START The data

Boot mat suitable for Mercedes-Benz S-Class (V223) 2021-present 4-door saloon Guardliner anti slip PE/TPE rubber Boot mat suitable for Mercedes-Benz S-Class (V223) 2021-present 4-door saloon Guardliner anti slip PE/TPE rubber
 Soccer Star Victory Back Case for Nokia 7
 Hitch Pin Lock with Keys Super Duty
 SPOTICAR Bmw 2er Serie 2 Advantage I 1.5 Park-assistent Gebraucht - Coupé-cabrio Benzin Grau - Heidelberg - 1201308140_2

END The data

Requirement
Transcription of the entire listing, word for word, is required.

Exercise solution
Boot mat suitable for Mercedes-Benz S-Class (V223) 2021-present 4-door saloon Guardliner anti slip PE/TPE rubber Boot mat suitable for Mercedes-Benz S-Class (V223) 2021-present 4-door saloon Guardliner anti slip PE/TPE rubber
 Soccer Star Victory Back Case for Nokia 7
 Hitch Pin Lock with Keys Super Duty
 SPOTICAR Bmw 2er Serie 2 Advantage I 1.5 Park-assistent Gebraucht - Coupé-cabrio Benzin Grau - Heidelberg - 1201308140_2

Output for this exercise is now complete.